The law distinguishes between “stored communications” and communications “in transit”, defined as motion in real-time, and includes temporary or incidental storage by an ISP. The law defines the time of motion explicitly as the time between being sent by the sender and the moment it becomes accessible by the recipient. The law differentiates and creates a scale in accordance with specific criteria, between an ordinary search, a search of “stored communications” and the “interception of communications during transit”.

And the Ball is in the Legislator’s Court…

The decisions made by the District Court of Tel-Aviv in February 2007 properly interpret the language of the law in accordance with its purpose - the protection of the right to privacy which enjoys constitutional protection in Israel. It also contributed to the protection of email communications which have become an integral part of our lives and our culture. In the absence of a clear solution in the wording of the law, the Court turned to interpretation. The Court noted that limitations or technological limitations requiring the storage of email in a server en route between the sender and the recipient do not change the nature of the action as a conversation.

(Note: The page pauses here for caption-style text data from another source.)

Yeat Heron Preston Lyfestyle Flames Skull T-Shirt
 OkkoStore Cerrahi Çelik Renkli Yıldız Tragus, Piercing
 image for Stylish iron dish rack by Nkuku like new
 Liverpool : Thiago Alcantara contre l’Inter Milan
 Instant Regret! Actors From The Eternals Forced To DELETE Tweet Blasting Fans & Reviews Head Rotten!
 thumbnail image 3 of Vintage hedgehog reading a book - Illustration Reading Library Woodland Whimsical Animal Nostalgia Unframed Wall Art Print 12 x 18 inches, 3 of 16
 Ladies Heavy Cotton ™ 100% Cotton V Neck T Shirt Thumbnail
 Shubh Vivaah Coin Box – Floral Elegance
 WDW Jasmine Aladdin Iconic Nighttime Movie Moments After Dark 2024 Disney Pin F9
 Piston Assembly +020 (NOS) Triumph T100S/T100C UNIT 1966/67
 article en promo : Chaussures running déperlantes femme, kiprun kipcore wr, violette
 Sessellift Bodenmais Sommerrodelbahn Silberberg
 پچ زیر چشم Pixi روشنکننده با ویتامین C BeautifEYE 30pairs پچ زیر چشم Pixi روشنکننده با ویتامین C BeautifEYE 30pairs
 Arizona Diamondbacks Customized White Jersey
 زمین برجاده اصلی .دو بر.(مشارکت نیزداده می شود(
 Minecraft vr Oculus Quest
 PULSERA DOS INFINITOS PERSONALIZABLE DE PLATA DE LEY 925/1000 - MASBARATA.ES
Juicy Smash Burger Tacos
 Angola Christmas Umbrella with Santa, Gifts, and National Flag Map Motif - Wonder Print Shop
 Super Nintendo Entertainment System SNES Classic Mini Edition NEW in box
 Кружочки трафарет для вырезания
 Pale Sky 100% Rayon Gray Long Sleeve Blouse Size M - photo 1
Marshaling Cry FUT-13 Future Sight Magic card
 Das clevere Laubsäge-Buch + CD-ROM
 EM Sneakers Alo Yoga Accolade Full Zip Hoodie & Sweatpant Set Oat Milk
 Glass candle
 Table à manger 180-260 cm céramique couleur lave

If a person travels from Tel-Aviv to Haifa, asks the Court, will a stop-over on the way to put gasoline in the car change the nature of the action as a drive from Tel-Aviv to Haifa? The Court answered - No. This is also the case with regard to the ISP servers. This decision is similar to that of the US Court of Appeals in the Councilman case. In that case even the dissenting opinion did not disagree that the Court’s solution was correct - but held differently as it believed that it is not the Court’s role to provide this solution - but rather that of the legislature.